Re: shared-memory based stats collector - v70

From: Andres Freund <andres(at)anarazel(dot)de>
To: Greg Stark <stark(at)mit(dot)edu>
Cc: "Drouvot, Bertrand" <bdrouvot(at)amazon(dot)com>, Tom Lane <tgl(at)sss(dot)pgh(dot)pa(dot)us>, Melanie Plageman <melanieplageman(at)gmail(dot)com>, Kyotaro Horiguchi <horikyota(dot)ntt(at)gmail(dot)com>, Justin Pryzby <pryzby(at)telsasoft(dot)com>, Thomas Munro <thomas(dot)munro(at)gmail(dot)com>, "David G(dot) Johnston" <david(dot)g(dot)johnston(at)gmail(dot)com>, PostgreSQL Hackers <pgsql-hackers(at)lists(dot)postgresql(dot)org>
Subject: Re: shared-memory based stats collector - v70
Date: 2022-08-17 23:30:53
Message-ID: 20220817233053.sppiwk4a32u3x4rd@awork3.anarazel.de
Views: Raw Message | Whole Thread | Download mbox | Resend email
Thread:
Lists: pgsql-hackers

Hi,

On 2022-08-17 15:46:42 -0400, Greg Stark wrote:
> Isn't there also a local hash table used to find the entries to reduce
> traffic on the shared hash table?
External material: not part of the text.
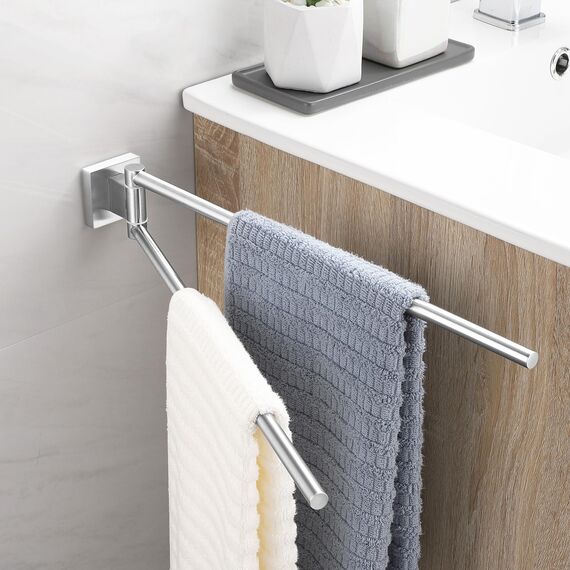 OETAMS Handtuchhalter Bad Bohren 180° Schwenkbar Handtuchstange 304 Edelstahl Handtuchhalter Wand Badetuchhalter Doppelter Habdtuchhalterung Gebürstet Silber, 39CM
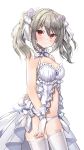 1girl adapted_costume babydoll bangs bare_shoulders blush breasts bridal_gauntlets cleavage earrings goyain hair_between_eyes highres idolmaster idolmaster_cinderella_girls idolmaster_cinderella_girls_starlight_stage jewelry kanzaki_ranko lace lace-trimmed_legwear lace-trimmed_panties lingerie long_hair looking_at_viewer medium_breasts navel panties silver_hair simple_background smile solo sparkle thighhighs thighs twintails underwear white_background white_legwear white_panties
Even if you don't take a snapshot
> does it get entered there? There are definitely still parts of this
> I'm working on a pretty vague understanding of :/

Yes, there is. But it's more about code that generates stats, rather than
reporting functions. While there's backend local pending stats we need to have
a refcount on the shared stats item so that the stats item can't be dropped
and then revived when those local stats are flushed.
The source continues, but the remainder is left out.